Create your own tribute paving stone
Wandsworth Council has become the first local authority in the country to offer residents the chance to mark 60 years of the Queen's reign by having their own specially engraved paving stone laid in the street they live.
Residents can have their own permanent tribute to the Queen’s Diamond Jubilee by requesting the unique piece of paving be laid in the road outside their homes by council officers.
People living in Festing Road, Putney, have already raised the £380 required to buy the stone and fully fund its engraving and installation – meaning none of the cost is picked up by the taxpayer.
The residents have chosen the words “Happy and Glorious”, followed by “Queen’s Diamond Jubilee 2012” in smaller letters. They are currently preparing to have the paving stone engraved before handing it back to the council to install in the pavement.
In 2009, Festing Road residents clubbed together to pay for a paving stone to commemorate storyteller David McKee – the creator of famous cartoon character Mr Benn, who lived at number 52 in the similarly named Festive Road.
McKee (pictured left at the unveiling), who used to live in the Putney street, remains the subject of a paving stone in the road, which reads: “Festive Road, Home of story teller David McKee and his creation Mr Benn.”
Festing Road’s paving engravings were the brainchild of retired writer, Hugh Thompson, who was inspired by similar street etchings he saw during a visit to Sydney, in Australia.
Mr Thompson, who has lived in Putney for 35 years, said:
“I think these engravings are a very nice way for the inhabitants of the street to leave some sort of legacy – these are things that will live on.
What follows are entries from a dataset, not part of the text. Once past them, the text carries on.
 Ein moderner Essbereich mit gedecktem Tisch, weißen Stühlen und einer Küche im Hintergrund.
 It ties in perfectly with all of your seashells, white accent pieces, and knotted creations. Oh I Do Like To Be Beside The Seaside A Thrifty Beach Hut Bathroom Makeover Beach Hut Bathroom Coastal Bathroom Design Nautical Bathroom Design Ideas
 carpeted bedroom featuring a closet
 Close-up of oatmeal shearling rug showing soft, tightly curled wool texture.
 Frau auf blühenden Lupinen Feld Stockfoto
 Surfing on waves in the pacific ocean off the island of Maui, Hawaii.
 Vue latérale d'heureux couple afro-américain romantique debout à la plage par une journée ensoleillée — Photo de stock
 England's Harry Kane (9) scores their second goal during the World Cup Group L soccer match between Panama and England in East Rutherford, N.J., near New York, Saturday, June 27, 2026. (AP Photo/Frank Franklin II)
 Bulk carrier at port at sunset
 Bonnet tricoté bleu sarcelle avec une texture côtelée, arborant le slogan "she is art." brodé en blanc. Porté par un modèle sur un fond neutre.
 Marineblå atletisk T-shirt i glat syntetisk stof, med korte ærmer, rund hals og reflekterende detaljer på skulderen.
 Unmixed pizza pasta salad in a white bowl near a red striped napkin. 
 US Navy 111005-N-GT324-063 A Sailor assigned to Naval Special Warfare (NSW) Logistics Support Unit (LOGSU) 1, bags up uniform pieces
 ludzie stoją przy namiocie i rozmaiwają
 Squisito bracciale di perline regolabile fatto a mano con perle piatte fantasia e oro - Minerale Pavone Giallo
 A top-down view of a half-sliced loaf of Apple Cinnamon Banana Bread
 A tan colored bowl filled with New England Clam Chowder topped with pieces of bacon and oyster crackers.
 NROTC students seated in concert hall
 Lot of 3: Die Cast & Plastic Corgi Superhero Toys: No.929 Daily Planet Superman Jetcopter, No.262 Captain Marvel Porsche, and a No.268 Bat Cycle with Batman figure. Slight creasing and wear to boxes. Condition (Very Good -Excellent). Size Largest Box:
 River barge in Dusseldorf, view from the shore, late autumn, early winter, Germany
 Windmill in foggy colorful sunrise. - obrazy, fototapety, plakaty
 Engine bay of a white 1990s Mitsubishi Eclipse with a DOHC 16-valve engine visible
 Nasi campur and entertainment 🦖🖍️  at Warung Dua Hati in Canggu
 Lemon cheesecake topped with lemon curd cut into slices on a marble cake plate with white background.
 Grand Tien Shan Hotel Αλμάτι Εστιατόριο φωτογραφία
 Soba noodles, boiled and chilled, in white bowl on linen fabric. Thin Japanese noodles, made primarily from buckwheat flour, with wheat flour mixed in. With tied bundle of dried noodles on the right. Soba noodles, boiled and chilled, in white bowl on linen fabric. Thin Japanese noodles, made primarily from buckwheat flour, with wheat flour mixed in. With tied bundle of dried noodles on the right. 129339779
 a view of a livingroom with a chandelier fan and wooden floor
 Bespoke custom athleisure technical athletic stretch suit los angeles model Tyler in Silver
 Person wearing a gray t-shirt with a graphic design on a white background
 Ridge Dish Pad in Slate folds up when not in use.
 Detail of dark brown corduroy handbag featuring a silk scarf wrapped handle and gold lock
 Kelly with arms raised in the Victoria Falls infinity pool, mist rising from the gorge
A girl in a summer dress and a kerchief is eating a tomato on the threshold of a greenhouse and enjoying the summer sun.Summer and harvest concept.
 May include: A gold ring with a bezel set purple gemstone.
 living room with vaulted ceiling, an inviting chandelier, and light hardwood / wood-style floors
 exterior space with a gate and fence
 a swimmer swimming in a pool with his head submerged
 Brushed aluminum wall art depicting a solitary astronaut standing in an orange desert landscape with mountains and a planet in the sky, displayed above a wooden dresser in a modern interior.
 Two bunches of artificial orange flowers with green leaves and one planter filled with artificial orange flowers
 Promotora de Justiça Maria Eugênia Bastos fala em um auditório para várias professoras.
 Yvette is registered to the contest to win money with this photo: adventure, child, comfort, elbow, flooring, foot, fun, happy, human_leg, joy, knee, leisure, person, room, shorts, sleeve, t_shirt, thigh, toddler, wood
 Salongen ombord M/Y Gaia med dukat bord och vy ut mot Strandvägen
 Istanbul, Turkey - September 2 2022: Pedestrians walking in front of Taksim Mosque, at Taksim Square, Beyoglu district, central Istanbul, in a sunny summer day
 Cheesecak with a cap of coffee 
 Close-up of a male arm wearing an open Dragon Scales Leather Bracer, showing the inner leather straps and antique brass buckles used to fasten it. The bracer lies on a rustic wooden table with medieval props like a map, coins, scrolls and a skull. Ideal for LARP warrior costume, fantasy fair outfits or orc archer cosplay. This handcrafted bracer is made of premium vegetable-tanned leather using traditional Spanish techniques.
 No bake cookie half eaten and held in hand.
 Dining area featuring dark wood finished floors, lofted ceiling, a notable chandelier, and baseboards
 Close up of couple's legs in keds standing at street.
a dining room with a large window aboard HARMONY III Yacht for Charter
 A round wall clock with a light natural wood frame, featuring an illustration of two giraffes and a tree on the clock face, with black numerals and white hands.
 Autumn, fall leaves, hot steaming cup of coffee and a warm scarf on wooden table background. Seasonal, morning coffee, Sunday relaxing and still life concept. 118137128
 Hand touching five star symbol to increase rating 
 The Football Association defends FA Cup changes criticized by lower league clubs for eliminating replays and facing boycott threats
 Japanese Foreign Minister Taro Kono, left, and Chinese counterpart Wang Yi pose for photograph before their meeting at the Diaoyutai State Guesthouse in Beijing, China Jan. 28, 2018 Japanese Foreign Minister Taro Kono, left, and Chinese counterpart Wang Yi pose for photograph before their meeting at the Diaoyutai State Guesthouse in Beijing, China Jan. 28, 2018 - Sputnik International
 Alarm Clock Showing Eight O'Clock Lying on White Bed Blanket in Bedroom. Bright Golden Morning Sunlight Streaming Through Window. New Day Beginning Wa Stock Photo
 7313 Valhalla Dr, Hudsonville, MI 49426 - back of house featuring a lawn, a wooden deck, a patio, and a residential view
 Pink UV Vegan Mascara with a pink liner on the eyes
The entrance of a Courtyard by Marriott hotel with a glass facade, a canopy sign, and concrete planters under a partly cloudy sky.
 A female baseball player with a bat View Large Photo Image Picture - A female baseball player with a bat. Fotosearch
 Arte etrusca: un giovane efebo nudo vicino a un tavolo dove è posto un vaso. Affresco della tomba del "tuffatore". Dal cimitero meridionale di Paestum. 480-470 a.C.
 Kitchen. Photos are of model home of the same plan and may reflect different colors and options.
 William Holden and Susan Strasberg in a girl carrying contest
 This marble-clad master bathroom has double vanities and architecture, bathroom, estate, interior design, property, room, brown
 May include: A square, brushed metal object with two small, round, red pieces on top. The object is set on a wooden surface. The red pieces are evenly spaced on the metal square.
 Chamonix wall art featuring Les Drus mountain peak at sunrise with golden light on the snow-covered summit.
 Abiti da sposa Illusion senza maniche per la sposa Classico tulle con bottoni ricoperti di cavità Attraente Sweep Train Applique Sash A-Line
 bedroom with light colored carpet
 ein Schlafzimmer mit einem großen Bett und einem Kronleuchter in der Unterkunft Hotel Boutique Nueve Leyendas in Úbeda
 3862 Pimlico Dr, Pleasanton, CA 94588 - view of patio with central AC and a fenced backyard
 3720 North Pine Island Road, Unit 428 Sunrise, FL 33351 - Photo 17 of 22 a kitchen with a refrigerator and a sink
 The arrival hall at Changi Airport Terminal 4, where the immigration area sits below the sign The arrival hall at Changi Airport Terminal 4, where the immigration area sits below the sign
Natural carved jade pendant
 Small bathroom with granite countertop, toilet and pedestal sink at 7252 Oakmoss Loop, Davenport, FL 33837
I suppose they are a sort of alternative to the blue plaques you see on buildings, only pavement engravings offer something a little different.”
The council’s cabinet member for strategic planning, Councillor Russell King, said:
“The council is happy to help any resident or group mark the Queen’s Diamond Jubilee in this unique way by offering to provide and install paving stones. They represent a lasting tribute to an event that will be celebrated across the nation.”
Cllr King added that any resident wanting to commemorate the London 2012 Olympic and Paralympic Games by commissioning a paving engraving in their street would also be welcome to do so.
The cost to engrave a paving stone is about £150, while the cost to the council to plan and carry out installation work is around £230 – producing an overall cost to anyone taking up the offer of approximately £380.
Different wording on the stone could be chosen but this may affect the total cost of the work.
Alternatively, anyone with more money to spend could purchase a metal inlaid paving stone – which is expected to cost in the region of £450 depending on the supplier.
The stones can only be on roads managed by Wandsworth, not red routes, and anyone interested is advised to organise it well in advance of the Jubilee celebrations in June.